## Required action
Whenever a line in the data contains "with", show that line.

________________

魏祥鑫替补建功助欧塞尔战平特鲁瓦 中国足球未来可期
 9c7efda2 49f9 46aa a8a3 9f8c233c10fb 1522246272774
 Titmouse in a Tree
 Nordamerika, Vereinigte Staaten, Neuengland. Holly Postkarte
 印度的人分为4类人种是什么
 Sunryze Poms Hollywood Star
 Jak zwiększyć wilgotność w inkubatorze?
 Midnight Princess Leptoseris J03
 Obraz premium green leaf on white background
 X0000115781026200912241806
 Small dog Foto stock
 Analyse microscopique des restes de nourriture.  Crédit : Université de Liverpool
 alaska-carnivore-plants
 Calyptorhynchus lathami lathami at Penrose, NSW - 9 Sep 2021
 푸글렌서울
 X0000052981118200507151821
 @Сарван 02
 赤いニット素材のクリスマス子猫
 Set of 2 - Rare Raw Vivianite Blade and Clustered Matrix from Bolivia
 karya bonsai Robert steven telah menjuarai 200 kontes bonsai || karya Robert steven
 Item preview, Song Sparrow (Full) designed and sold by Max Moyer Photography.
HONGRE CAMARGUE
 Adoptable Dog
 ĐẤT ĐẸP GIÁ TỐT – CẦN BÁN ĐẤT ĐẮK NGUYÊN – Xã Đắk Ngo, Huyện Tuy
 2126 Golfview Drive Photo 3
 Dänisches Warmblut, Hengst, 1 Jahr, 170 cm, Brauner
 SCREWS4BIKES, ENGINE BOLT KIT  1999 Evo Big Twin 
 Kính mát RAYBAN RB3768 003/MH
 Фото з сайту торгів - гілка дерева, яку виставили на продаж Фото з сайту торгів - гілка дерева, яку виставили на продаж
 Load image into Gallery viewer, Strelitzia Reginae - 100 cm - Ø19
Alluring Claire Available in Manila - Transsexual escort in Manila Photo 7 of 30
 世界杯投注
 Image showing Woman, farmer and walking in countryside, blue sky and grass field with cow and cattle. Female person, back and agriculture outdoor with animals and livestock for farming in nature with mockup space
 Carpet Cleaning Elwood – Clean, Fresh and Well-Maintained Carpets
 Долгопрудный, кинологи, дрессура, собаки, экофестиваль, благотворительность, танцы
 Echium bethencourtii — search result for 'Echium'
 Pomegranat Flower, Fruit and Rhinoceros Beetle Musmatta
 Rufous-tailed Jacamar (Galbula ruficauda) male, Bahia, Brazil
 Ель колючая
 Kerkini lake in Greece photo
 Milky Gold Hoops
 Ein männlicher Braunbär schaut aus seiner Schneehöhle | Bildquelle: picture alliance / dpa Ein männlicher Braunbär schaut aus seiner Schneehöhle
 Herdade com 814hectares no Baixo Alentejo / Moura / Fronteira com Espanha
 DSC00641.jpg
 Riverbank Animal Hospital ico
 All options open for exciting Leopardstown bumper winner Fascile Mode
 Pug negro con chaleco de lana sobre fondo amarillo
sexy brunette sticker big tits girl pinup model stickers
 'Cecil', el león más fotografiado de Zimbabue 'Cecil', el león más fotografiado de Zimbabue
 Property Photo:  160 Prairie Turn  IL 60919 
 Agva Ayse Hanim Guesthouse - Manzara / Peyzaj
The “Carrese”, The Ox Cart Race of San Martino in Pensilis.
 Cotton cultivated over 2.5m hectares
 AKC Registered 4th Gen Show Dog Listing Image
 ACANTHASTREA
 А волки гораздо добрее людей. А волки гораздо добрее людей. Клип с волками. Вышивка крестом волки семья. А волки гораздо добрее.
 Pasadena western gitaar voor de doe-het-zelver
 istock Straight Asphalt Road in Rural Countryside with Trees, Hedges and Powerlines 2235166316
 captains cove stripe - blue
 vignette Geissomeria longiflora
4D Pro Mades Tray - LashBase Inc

________________

## Reply
 Image showing Woman, farmer and walking in countryside, blue sky and grass field with cow and cattle. Female person, back and agriculture outdoor with animals and livestock for farming in nature with mockup space
 istock Straight Asphalt Road in Rural Countryside with Trees, Hedges and Powerlines 2235166316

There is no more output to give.